Ainsi, il est produit la pièce numéro 4 intitulée “ pause sur prêt en cours, 20 mars 2024, sans autre précision sur la durée de cette pause.
Ainsi, il est produit également en pièce numéro 4, un relevé de comptes du 31octobre 2024 circonscrit à la seule période du 1 au 7 octobre 2024 où figure uniquement la cotisation assurance de ce prêt immobilier prélevée le 5 octobre 2024 dès lors le caractère tronqué et très partiel de ce relevé pour la période du 7 au 31 octobre 2024 ne permet pas de savoir si l’échéance mensuelle devant être prelevée d’après le tableau d’amortissement à compter du 10 de chaque mois l’a été ou si l’amortissement de ce crédit est toujours en pause.

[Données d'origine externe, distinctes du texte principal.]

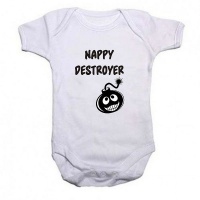Qtees Africa Nappy Destroyer Baby Grow - Short Sleeve Photo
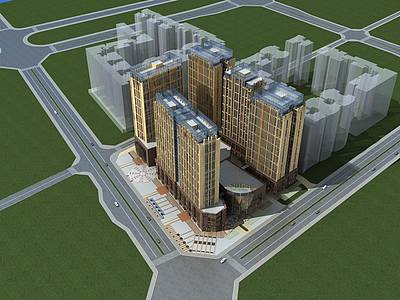 高层商业住宅整体模型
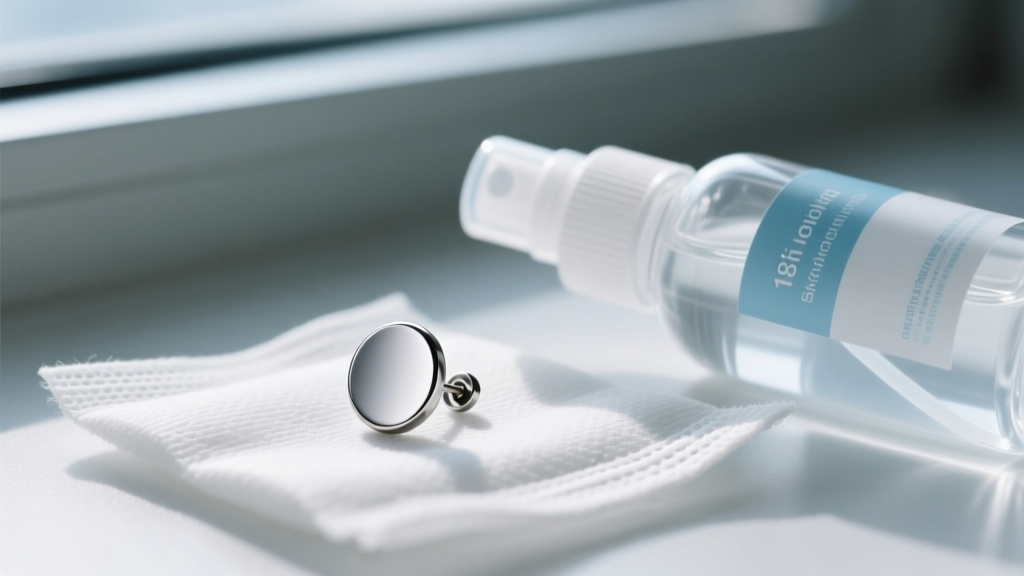 Macro shot of an 18-gauge titanium flat back earring on sterile gauze next to a saline wound wash spray bottle under soft lighting.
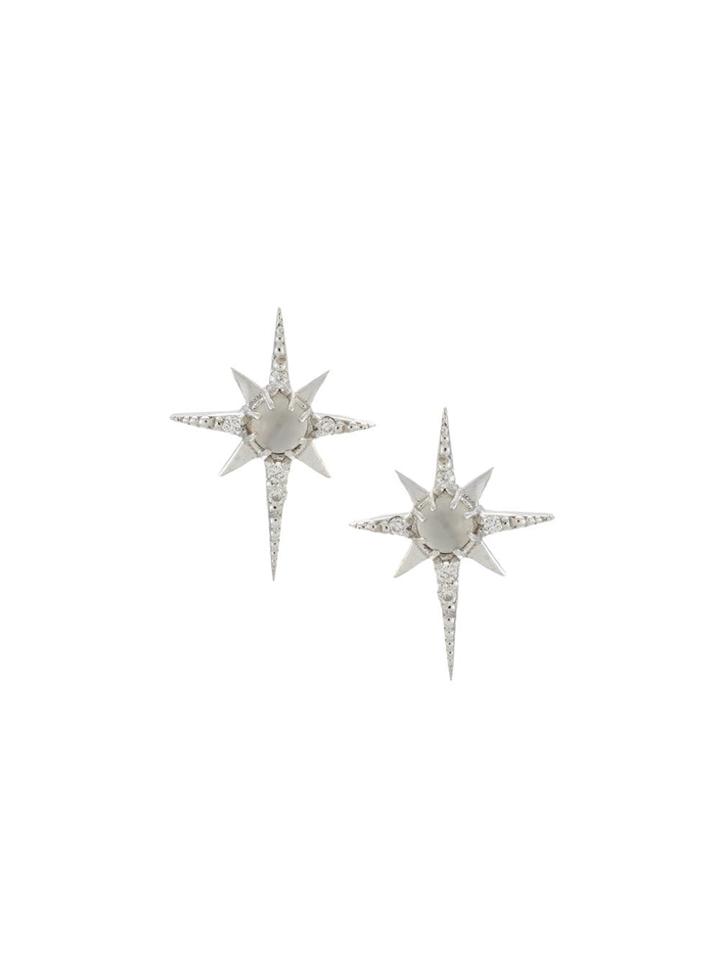 Sauer Brincos Supernova Em Ouro Branco, Pedra Da Lua E Diamante -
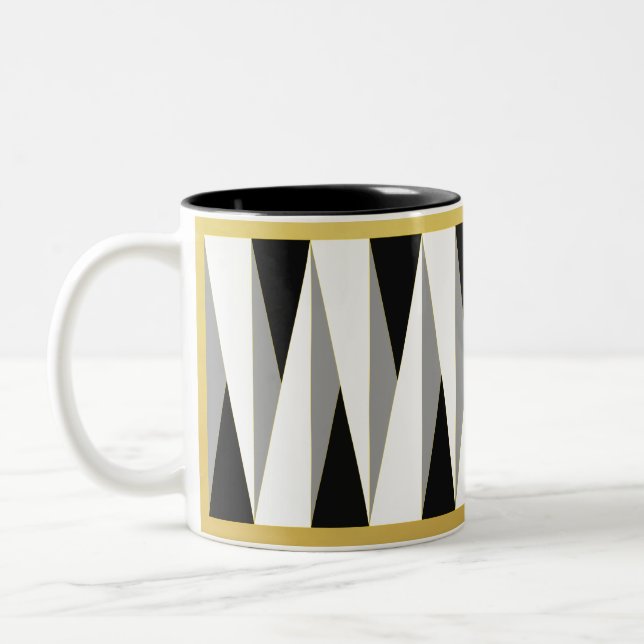 tasse | schwarz | weiss | gold | triangle °2 Två-Tonad mugg (Vänster)
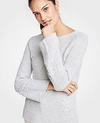 Ann Taylor Petite Cable Knit Sweater In Light Vapor Grey Heather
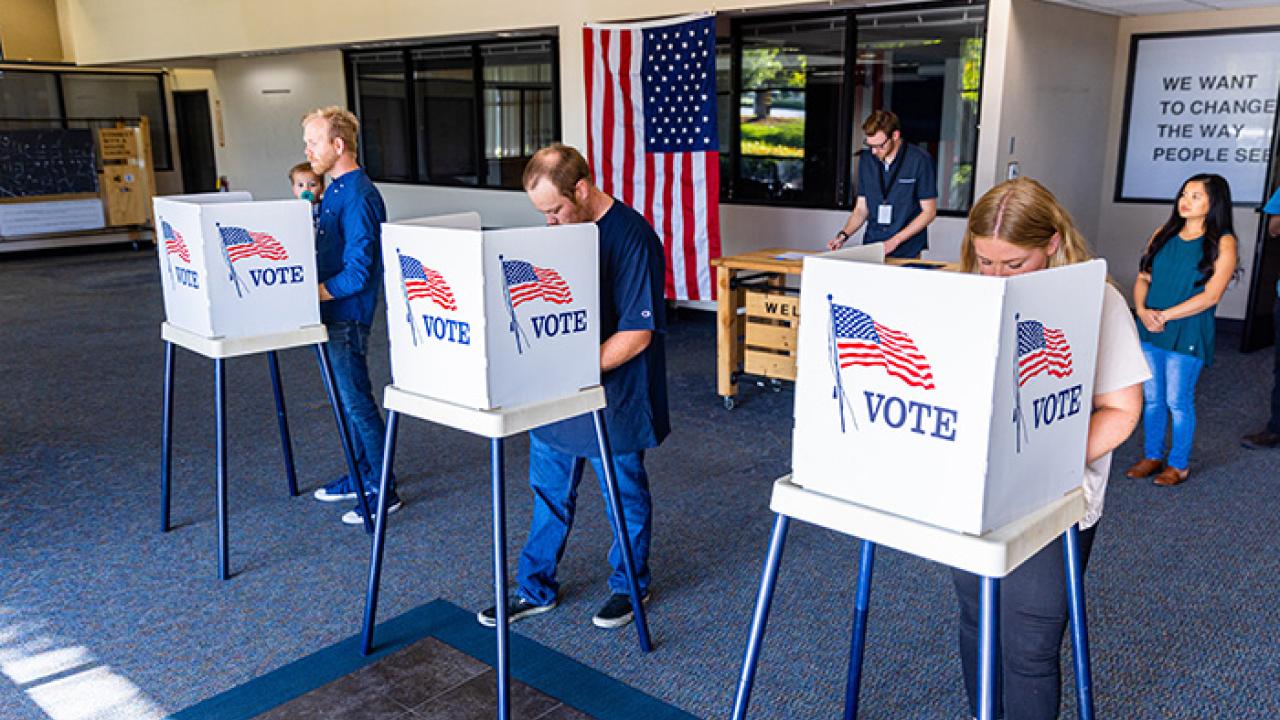 Voting booths with people voting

La juridiction ne dispose donc pas d’éléments certains pour apprécier les capacités contributives exactes de Monsieur [J] de sorte qu’il convient de réouvrir les débats sur ce point et d’enjoindre Monsieur [J], en son Conseil représenté, de fournir à la juridiction, ses relevés de comptes en leur entièreté sur l’année 2024 et 2025, ainsi qu’une attestation de la société CREDIT AGRICOLE PYRENEES GASCOGNE concernant les remboursements opérés sur ce crédit.
PAR CES MOTIFS
Le juge des contentieux de la protection du tribunal judiciaire de TARBES, par jugement en premier ressort, contradictoire et par mise à disposition
Vu le jugement du 18 mars 2025
PRONONCE la déchéance du droit aux intérêts de la société CAPITOLE FINANCE-TOFINSO,
CONDAMNE Monsieur [J] à payer à la société CAPITOLE FINANCE-TOFINSO, la somme de 6 622,42€ avec intérêts au taux légal de 2, 76% non majoré à compter du 7 mars 2023,
DEBOUTE Monsieur [J], de sa demande de dommages et intérêts,
PAR AVANT DIRE DROIT et sauf APPEL,
ORDONNE pour le motif évoqué dans le corps de la décision, la réouverture des débats et renvoie l’affaire au 16 décembre 2025 à 9heures,
ENJOINT Monsieur [J], en son Conseil représenté, de fournir à la juridiction, ses relevés de comptes en leur entièreté sur l’année 2024 et 2025, ainsi qu’une attestation de la société CREDIT AGRICOLE PYRENEES GASCOGNE concernant les remboursements opérés sur ce crédit,
DIT que l’envoi par le greffe de la présente décision aux parties vaut convocation à l’audience du 16 décembre 2025 à 9 heures,
SURSEOIT à statuer sur les demandes restées pendantes,
RESERVE les dépens.
DIT que la présente décision sera signifiée par Huissier de Justice et/ou Commissaire de justice à la diligence des parties conformément aux dispositions de l’article 675 du Code de Procédure Civile.
Ainsi fait, jugé et mis à disposition au greffe de la juridiction les jours, mois et an susdits.
En foi de quoi, le présent jugement a été signé par le juge et le greffier.